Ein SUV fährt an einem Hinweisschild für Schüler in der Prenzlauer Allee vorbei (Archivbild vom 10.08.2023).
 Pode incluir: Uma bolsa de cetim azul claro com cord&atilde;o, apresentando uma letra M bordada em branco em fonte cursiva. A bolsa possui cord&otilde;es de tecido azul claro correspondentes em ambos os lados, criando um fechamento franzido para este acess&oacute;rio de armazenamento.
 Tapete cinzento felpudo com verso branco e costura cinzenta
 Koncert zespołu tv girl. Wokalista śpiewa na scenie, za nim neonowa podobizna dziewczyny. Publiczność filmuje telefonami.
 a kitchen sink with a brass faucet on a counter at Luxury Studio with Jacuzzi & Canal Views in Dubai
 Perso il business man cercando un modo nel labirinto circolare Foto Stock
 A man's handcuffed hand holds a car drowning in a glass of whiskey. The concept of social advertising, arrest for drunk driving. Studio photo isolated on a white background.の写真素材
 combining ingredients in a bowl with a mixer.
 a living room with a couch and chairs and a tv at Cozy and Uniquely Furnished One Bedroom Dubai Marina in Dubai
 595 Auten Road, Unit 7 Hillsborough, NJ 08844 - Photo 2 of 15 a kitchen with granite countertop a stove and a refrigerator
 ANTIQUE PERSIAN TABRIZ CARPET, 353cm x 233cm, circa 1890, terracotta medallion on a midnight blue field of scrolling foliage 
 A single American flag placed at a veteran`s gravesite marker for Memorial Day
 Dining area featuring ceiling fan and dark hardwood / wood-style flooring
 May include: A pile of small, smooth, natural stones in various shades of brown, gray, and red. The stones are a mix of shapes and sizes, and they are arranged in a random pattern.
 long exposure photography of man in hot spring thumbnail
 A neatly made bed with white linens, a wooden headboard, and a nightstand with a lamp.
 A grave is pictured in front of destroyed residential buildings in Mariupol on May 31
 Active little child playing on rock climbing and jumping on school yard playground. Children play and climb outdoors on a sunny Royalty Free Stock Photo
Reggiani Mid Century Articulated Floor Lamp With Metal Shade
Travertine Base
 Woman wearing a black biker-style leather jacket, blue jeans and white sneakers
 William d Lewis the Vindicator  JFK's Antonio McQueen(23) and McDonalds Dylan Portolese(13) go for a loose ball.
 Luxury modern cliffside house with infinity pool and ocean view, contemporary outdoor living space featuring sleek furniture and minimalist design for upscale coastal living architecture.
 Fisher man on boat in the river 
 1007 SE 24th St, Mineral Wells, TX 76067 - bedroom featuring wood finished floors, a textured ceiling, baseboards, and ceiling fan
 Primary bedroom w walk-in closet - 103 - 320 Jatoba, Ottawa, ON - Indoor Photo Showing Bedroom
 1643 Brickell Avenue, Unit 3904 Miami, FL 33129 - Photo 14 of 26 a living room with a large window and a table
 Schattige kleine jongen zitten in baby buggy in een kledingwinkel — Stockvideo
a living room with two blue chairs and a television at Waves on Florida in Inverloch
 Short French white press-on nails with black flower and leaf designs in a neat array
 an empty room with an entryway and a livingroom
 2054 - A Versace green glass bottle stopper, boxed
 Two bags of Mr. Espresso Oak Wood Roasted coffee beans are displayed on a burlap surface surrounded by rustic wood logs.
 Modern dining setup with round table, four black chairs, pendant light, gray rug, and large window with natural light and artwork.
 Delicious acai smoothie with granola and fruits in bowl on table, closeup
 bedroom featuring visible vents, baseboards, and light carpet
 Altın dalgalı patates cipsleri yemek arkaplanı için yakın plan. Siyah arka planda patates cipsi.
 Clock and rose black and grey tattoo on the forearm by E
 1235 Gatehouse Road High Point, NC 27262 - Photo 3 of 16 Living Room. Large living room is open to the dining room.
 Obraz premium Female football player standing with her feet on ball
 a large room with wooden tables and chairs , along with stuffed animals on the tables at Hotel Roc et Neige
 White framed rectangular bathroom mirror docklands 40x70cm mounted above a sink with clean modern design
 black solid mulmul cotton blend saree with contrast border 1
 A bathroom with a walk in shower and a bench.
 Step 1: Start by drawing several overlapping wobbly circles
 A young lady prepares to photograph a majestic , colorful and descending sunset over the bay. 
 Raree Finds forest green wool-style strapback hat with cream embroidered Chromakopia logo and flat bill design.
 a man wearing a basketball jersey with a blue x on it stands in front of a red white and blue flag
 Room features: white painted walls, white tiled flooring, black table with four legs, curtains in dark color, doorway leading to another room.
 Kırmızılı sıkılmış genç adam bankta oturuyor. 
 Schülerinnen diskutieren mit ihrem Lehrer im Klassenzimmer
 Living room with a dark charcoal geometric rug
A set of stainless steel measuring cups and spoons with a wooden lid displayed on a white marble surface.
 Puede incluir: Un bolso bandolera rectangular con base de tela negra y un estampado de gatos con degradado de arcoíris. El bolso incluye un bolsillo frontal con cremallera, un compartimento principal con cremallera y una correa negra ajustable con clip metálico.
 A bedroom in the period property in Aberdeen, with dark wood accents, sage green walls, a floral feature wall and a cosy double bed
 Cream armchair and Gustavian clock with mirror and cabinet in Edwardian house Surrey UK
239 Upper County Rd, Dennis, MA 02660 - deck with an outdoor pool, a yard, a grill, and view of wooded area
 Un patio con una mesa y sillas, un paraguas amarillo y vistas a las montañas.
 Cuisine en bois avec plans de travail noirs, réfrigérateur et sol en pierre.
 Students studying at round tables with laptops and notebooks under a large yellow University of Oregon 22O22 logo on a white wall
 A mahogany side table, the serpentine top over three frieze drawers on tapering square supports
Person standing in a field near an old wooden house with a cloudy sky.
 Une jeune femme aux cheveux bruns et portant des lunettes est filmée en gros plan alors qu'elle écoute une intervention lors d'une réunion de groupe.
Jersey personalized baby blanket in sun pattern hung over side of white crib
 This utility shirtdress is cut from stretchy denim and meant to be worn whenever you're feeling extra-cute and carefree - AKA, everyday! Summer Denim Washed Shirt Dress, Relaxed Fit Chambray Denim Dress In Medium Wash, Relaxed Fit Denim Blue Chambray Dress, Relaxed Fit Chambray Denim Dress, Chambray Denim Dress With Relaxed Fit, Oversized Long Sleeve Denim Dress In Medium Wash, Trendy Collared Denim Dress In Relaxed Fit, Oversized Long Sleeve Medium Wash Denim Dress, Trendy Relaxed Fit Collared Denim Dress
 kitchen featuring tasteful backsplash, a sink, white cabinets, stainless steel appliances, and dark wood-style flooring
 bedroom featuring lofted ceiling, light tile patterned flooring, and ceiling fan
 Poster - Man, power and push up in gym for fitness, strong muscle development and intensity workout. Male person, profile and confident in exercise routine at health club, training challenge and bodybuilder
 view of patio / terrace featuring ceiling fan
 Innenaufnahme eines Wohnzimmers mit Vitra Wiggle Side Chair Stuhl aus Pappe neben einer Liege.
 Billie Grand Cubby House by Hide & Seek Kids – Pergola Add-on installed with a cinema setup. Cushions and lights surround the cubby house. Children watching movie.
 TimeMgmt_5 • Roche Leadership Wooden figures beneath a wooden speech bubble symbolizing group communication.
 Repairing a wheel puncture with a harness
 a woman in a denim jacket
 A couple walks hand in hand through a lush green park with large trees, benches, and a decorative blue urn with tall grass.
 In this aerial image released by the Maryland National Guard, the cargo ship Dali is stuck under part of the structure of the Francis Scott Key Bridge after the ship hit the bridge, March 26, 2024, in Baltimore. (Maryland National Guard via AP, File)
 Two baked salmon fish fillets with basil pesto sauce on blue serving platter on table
______
Write down only how many lines in the listing contain the word "standing".

### Exercise answer
2